**Required work:**
Where the data below contains pictures, omit them; output the rest word for word.
++++ Given information
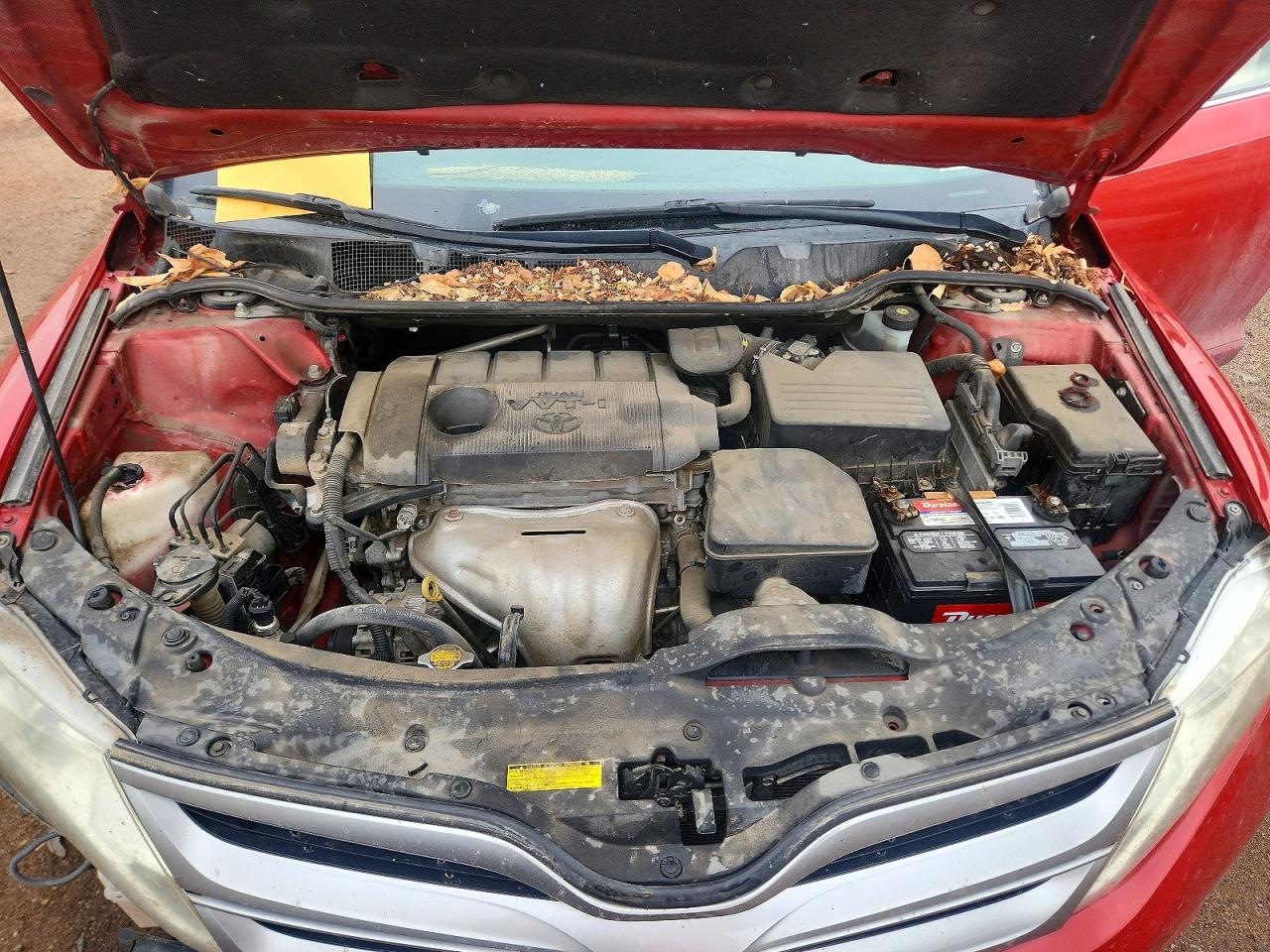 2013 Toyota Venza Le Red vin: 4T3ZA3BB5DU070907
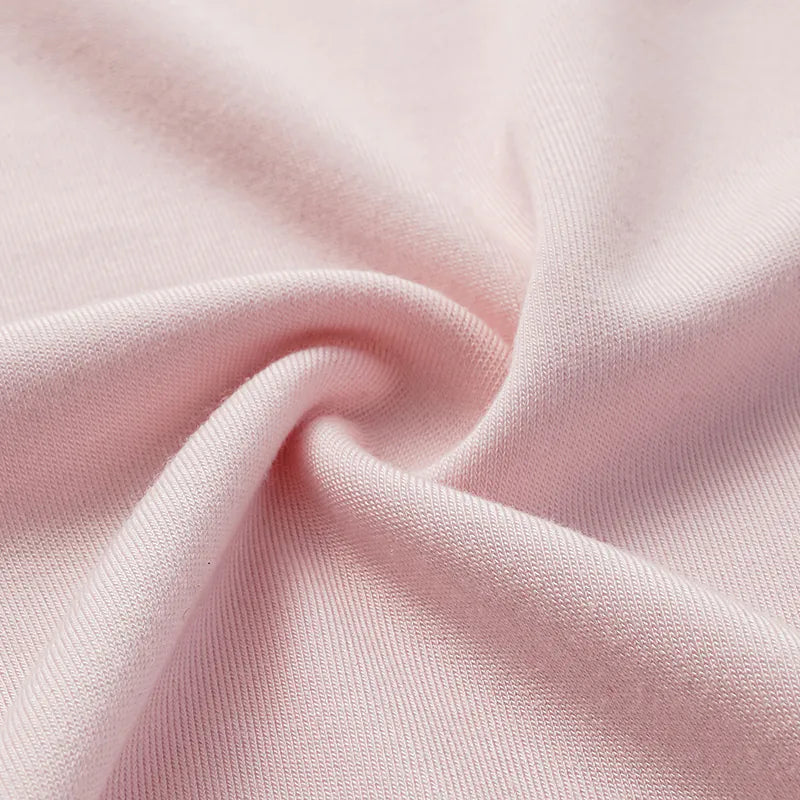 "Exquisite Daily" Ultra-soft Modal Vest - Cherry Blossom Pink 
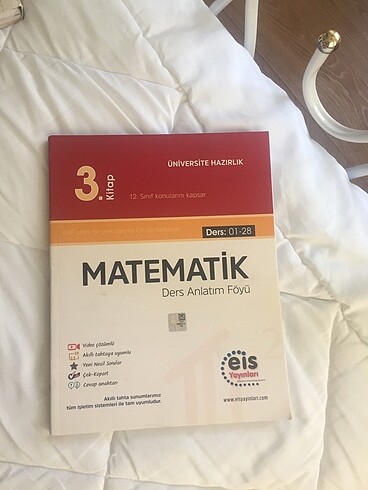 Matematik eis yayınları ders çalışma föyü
++++++++
**Exercise solution:**
 2013 Toyota Venza Le Red vin: 4T3ZA3BB5DU070907
 "Exquisite Daily" Ultra-soft Modal Vest - Cherry Blossom Pink 
 Matematik eis yayınları ders çalışma föyü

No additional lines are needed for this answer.